To partly explain (but not excuse) her father’s choice, this is an excerpt from a book called “Fast Living” by Dr. Scott C. Todd which goes into detail about the realities of living in extreme poverty and what the solution is:

"Hopelessness is the deepest trench of poverty. It cuts through the heart and mind and is very difficult to climb out of. It whispers “It won’t get any better. Just give up. This is the disempowered state – a fatalistic outlook and condition. When you are disempowered you shrug in defeat. You don’t soldier on. You just sit down and wait for a rescue you don’t expect to come. It’s a condition in which you no longer hope for a better future and you don’t see yourself capable of making positive changes. Instead, you see yourself as a victim of unchangeable circumstances. The voices of fatalism burrow deeper into your mind: “You can’t. You’re worthless.” To get out of the pit of hopelessness you must climb, yet the very strength to climb requires the hope you’ve lost. You must believe a better future is possible in order to strive for it. Everyone knows that a better future requires getting and keeping a job. For this, you to strive and take risks, you need determination and hope. But when you’re disempowered, your hope is beaten down, so you have no energy with which to strive. You have no faith, so you don’t take risks.
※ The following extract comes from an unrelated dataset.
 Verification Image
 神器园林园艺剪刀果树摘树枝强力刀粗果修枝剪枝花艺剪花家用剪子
The “rescue” strategy requires Truth to combat the lie. Poverty whispers “You can’t.” But God says “With me, you can. You matter. You are loved. You’re made in my image. I hear you and I will walk with you on the difficult road. I have a plan, so don’t give up. It can get better.” The good news of Jesus Christ is a matchless, unrivalled rescue strategy in multiple dimensions. If there is anything that exposes the lies of poverty, it is the gospel. But the proclaimed gospel is not enough. Disempowered people need Jesus’ spoken truth and they need His disciples to live it. They need to see the muscles of the gospel flex, expressing love in gritty, persevering, intelligent, effective action.
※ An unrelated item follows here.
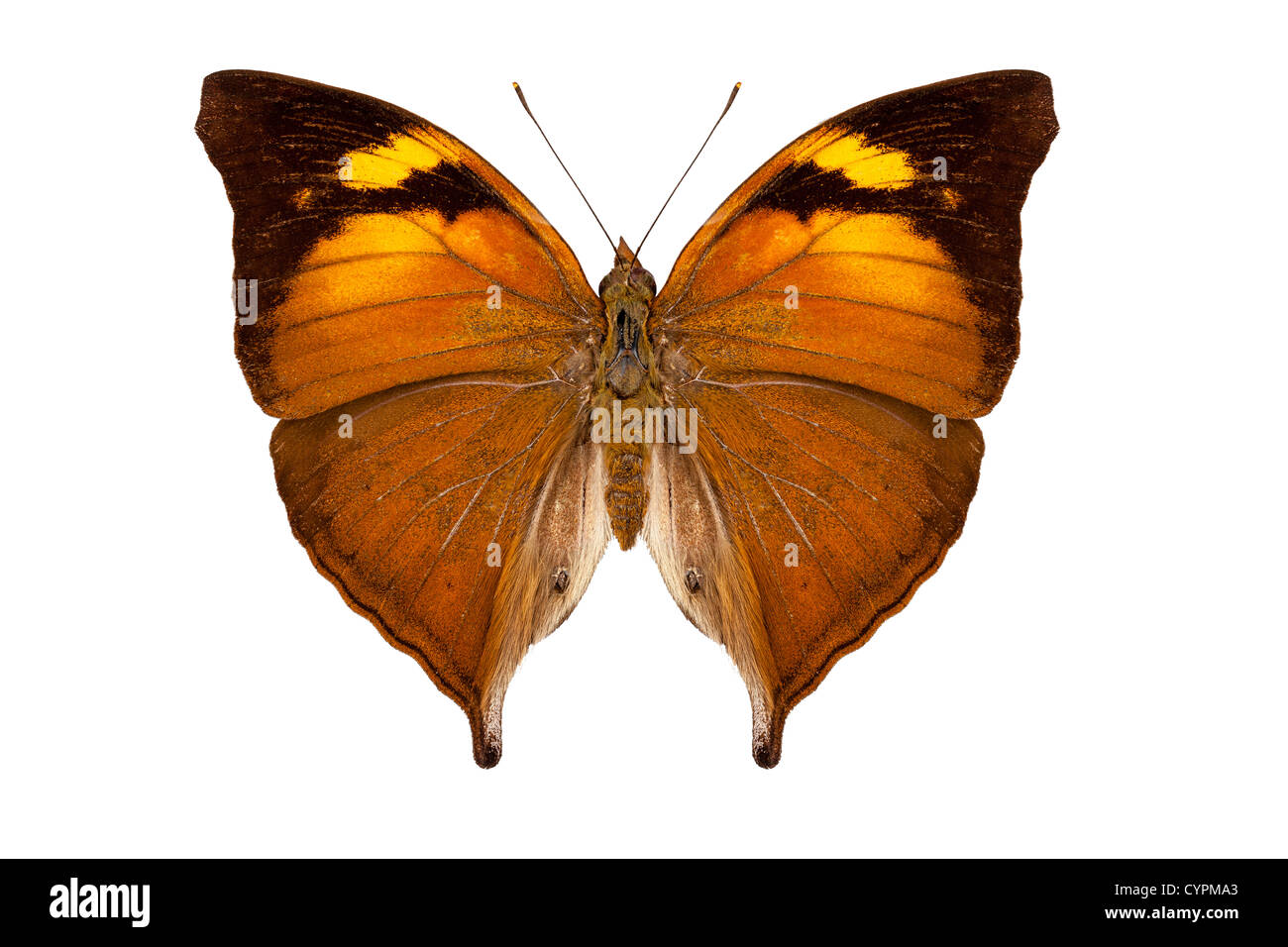 Schmetterling Arten Doleschallia Bisaltide Pratipa isoliert auf weißem Hintergrund Stockfoto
The good news of Jesus, proclaimed and demonstrated, is the most powerful anti-poverty strategy. Jesus offers the restoration of hope, a new supportive and caring community in the church and a strong foundation from which to try, to risk and to succeed or fail, knowing you’ll be loved either way. The gospel leads us to love others and forgive, to see the image of God in our enemies as well as ourselves, and to discover a genuine basis for dignity and integrity. The gospel can raise a generation of men and women of integrity – servant leaders – to displace corruption and restore social trust upon which a nation can rise. The gospel creates people who work for the Lord in the humble service of causes much bigger than themselves. Sharing the gospel is anti-poverty work. It is more profound than any other effort because it penetrates layers of the human condition that cannot be reached with a vaccinating needle. The gospel brings healing and hope. It ignites new initiatives by bringing hurting people from all economic levels into relationship with God. His Holy Spirit fills us with vision and we can see that anything, absolutely anything, is possible! Even the end of extreme poverty."


On the day I visited Josefa and her family, they hadn’t seen their father for three days. From the way she interacted with me, it was so obvious she missed his love and attention, and had never really had it. We visited the Project at the church and as we were leaving to go to the family’s house, her father showed up. He was soaking wet and clearly affected by alcohol.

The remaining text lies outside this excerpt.